Says Zimmer, "I admit single sanction is extreme, and I personally am willing to consider modifications, but the trouble is that everywhere you have a gradation of The Honor System, it kills it. In the old days, The Honor System was a spirit, perhaps ethereal at best, but that's what made it live. As we have added more codification, the spirit has weakened."
A couple of football players have been sent packing for honor violations in the past two seasons, and some members of the athletic department think the system is too drastic. Says one coach, "You bring a kid in from a prep school, from an upper middle-class culture, fine and dandy, but you get some boy in here who is strange to this society, under pressure, he makes one mistake, and boom, he's marked for life." A law-school graduate who went to a prep school and was familiar with the system recalls an out-of-state classmate being expelled, shortly after he arrived at The University, for taking free Cokes from a defective soft-drink machine. "Sure he took the Cokes," says the student, "but that kid was gone before he knew what hit him."
The system's weakness is not that some students will lie and cheat and never be caught—there is no pretense that it is foolproof—but that honor is an absolute. The system purports to extend into every phase of university life, yet it cannot be absolute, nor was it ever meant to be. This places the greatest burden on those most honorable. Everyone is supposed to be, morally, a virgin, while in fact everybody knows he is a little bit pregnant. Asking college kids to mess around with such absolutes is a tricky business; the athletic parallel is gamblers telling players they can shave points and still play to win.
But at Virginia it has always been understood that only what is "reprehensible" is an offense. Students at Yooveeay sit around and debate what constitutes reprehensibility the way their medieval peers used to agonize over how many angels could stand on the head of a pin.
Down from The Rotunda, along The Lawn—which the English historian John Wheeler-Bennett called "the most beautiful man-made thing in the United States"—are cramped single rooms which are awarded to outstanding fourth-year students. These prized cubbyholes are without bathrooms and kitchens (just as they were when Edgar Allan Poe resided in one), so hot pots are permitted. But toaster-ovens are expressly prohibited. A resident of The Lawn admits, however, that the students have made "a judgment call" and have decided that breaking the toaster-oven law is not reprehensible. Now many rooms are so equipped.
Members of The Board can recall that in the golden days, a student caught cheating in a penny-ante card game off campus would have departed forever the next dawn. But it was also always understood that offenses relating to liquor lay outside the code: Students who scrupulously followed The Honor System all their days never felt any compunction about lying about their age or falsifying I.D. cards.
Women, too, were, we may say, winked at where The Honor System was concerned. It was the old Southern code, carried into the 20th century, that a woman who permitted herself to be dishonored by a gentleman was not an honorable woman; ergo, no man could be dishonorable to her.
The irony of Yooveeay's long-standing all-male status was that women defined the place by not being present.
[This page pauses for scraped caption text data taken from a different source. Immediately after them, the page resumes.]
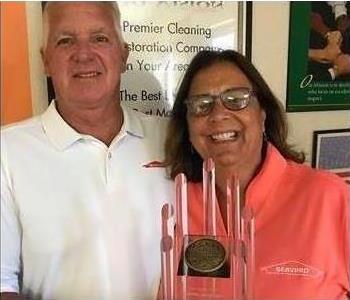 Man and woman smiling, holding award.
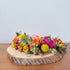 Fresh flower crown bridal hair accessory styled in soft tones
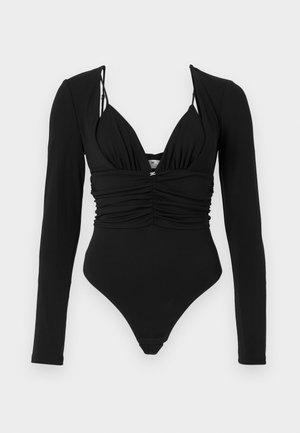 Black one-piece swimsuit with long sleeves, deep V-neckline, gathered front, and high-cut leg openings. Smooth texture, minimal hardware accents.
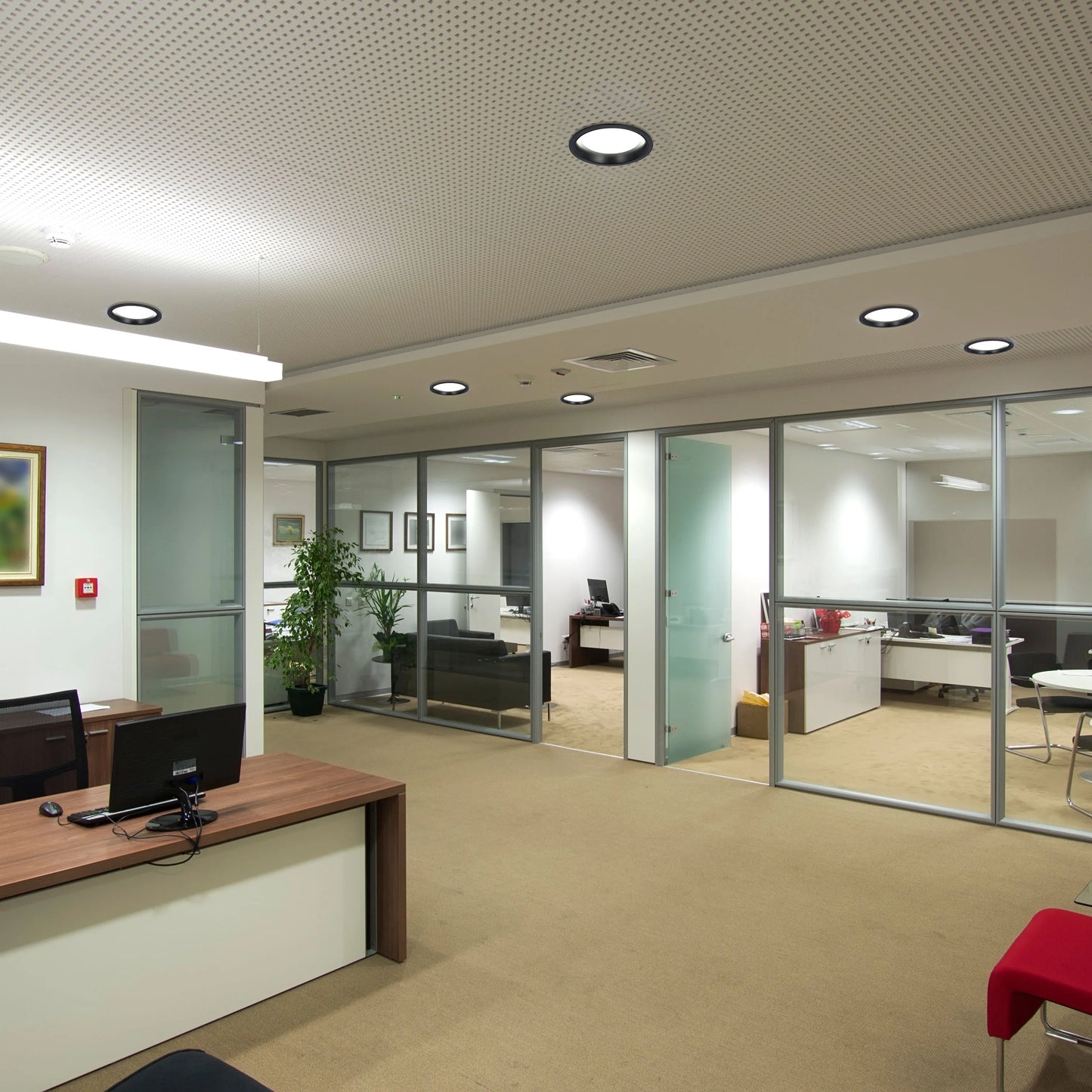 The office has a combination of recessed and linear lighting, creating a bright, functional and modern atmosphere.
Most of the fabled drinking and partying was en route, in search. It was called, whatever the direction, "goin' down the road," and every night a significant portion of The University student body would pile into cars and head off after coeds, to Sweet Briar, Mary Washington, Hollins, Randolph-Macon. The more sophisticated and well-heeled would incline toward Lynchburg and a well-known sporting house there. These journeys weren't measured by conventional mileage but by the number of beers that could be consumed along the way; Hollins, for example, was a long haul, a 12-beer trip. With the admittance of women at Yooveeay enrollment has almost doubled, but only half as many students are killed annually in auto accidents.
There is hardly a Virginia alumnus who cannot recall some streak period, when he went down the road 34 nights in a row—or 47 or 52. It was the ultimate in male bonding, men together, being boys, chasing girls—who were kept in their place, which was a six-pack or two away. Dick Fogg, who played on the Wahoo football team that tied the national record, 28 losses in a row, 1958-60, says, "Maybe a lot of guys wouldn't admit this then, but for most of us, goin' down the road was better than when we got there."
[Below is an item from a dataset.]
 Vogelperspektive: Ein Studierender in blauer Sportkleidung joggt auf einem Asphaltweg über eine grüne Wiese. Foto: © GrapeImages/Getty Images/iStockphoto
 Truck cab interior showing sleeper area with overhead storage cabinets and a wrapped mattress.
"Women have made a change here in the last decade because they've made the men change," says John Casteen '65, the Dean of Admissions. "The type of boy that used to be so much in evidence here, the one that went down the road every night, was a sort of self-destructive Lord Byron type. And that kind of man just doesn't appeal to smart women now, if indeed he ever really did. All of a sudden that type discovered that he just wasn't fashionable to the opposite sex, and that was the end of him."